I’m excited by this design! Is this something that could be used to filter air for indoor use? How much Charcoal will you need, and how do you know when it’s time to replace it? This looks much more affordable and replaceable.
@Wondergy Indoor use is the intention, for sure; as I mentioned, I’m in Canada and windows tend to be closed about 7 months of the year. How much charcoal is required is open to interpretation, but I’m allowing for about 1/2" - 1" loosely packed. Activated charcoal is cheap, you can get a few pounds for $10 off Amazon from fish/pet suppliers. There is no hard and fast rule for when to replace filters… most times, people cite a regular schedule. I’d do it ever three months. The filter I chose is from a 1990 Ford Escort and costs $7 CDN at Canadian Tire. If you buy into the whole HEPA marketing hype, a HEPA branded filter costs up to about $12. I personally don’t believe more than the basic filter is required in conjunction with activated charcoal, but I understand if others feel more cautionary.

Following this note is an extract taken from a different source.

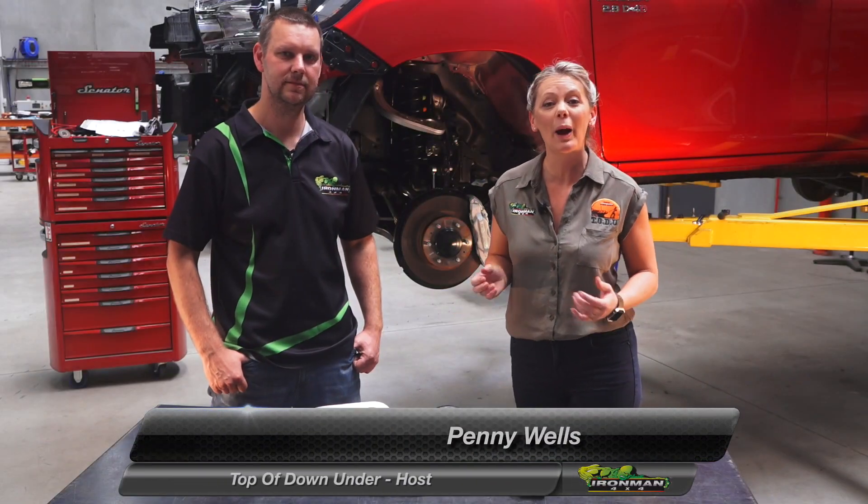We're here at Ironman 4x4 HQ with their new ProForge control arms. We've got Christian Ristel, the Ironman Suspension Product Director, to tell us a little bit about them.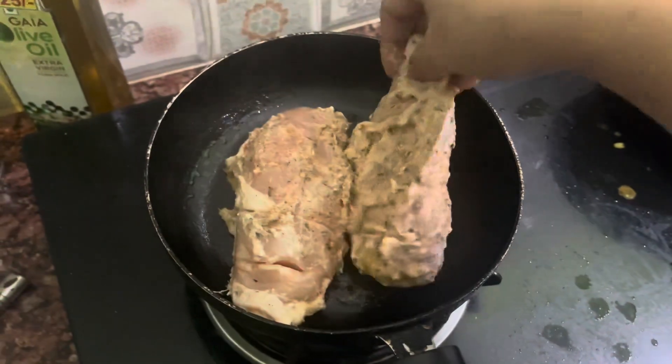Now I have added extra virgin olive oil. You can use butter as well, but since butter is high in fat, you can use extra virgin olive oil instead. So we have all these ingredients.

I may may be wrong, but though that activated carbon came in different forms, each of which had different specificities for the compounds that they could absorb. Does anyone here know for sure? One form might be a lot better than another for a given offgas.

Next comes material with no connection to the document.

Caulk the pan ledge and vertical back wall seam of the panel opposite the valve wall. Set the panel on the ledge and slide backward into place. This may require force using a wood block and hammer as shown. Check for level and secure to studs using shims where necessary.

Disclaimer: I’m not a chemist. I’d be keen to hear a trained chemist’s viewpoint, but this is my understanding of the process:
The “activated” part of activated charcoal (AC) comes from the porous nature of the granules, and typically the AC has additional product added to it to increase it’s absorption of certain materials.

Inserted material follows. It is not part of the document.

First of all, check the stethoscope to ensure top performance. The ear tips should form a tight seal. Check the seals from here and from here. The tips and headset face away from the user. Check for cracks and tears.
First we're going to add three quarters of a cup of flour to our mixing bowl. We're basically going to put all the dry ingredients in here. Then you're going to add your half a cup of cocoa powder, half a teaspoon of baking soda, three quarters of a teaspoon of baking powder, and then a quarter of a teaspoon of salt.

One of the more likely offensive off-gasses you produce from lasing is hydrogen chloride (HCl) gas, which is why it’s important to check the Material Safety Data Sheet (MSDS) before lasing in order to avoid it. Or chlorine gas in general, for that matter.
Fish don’t like chlorine, and they don’t like ammonia. Most AC used for fish tanks have additives mixed in to increase absorption of ammonia and chloramines. Chlorine will easily dissipate as a gas but is much harder to neutralize when bonded with water, because when you mix water with HCl you get hydrochloric acid. Since this is a dry system, let’s just stick to the gas.
Most commercial fish dechlorinators are based on plain sodium thiosulfate (Na2S2O3), a crystalline salt that generally comes pre-mixed with distilled water, usually in a 1% solution. Most fish charcoals coat the AC with this type of solution.
Sodium Thiosulfate basically neutralizes HCl into salt (NaCl) and sodium carbonate (aka washing soda), Na2CO3.
PS.- The Chlorine industry has an informative website at
I am in no way a chemist, but would point out that when you burn almost any complex organic compound, you are really likely to get something that is offensive to the nose/lungs/EPA. Benzine, formaldehyde, tar(s), various alcohols, and particulate matter in a wide range of sizes, and that is just what I can think of off the top of my head.
Not that it can’t (I have no idea) but if you are going to run your machine inside, your filter should really be able to deal with most of these.
I don’t agree. That’s incredibly out of scope. This isn’t a chemical filtration unit.
There’s burning organic compounds based on carbon, and then there’s burning plastics with noxious chemicals. Anything that produces those gases you list should be avoided at all costs, before they even enter your hopper – not only for health reasons, but for the potential corrosive effect it would have on the Glowforge equipment.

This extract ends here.